• _SUPPLIED MATERIAL_:
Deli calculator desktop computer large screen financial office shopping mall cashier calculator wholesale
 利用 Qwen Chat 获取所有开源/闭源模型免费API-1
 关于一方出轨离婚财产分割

• _WHAT NEEDS TO BE DONE_:
With no line skipped, output the listing in full.

• _OUTPUT FOR THIS EXERCISE_:
Deli calculator desktop computer large screen financial office shopping mall cashier calculator wholesale
 利用 Qwen Chat 获取所有开源/闭源模型免费API-1
 关于一方出轨离婚财产分割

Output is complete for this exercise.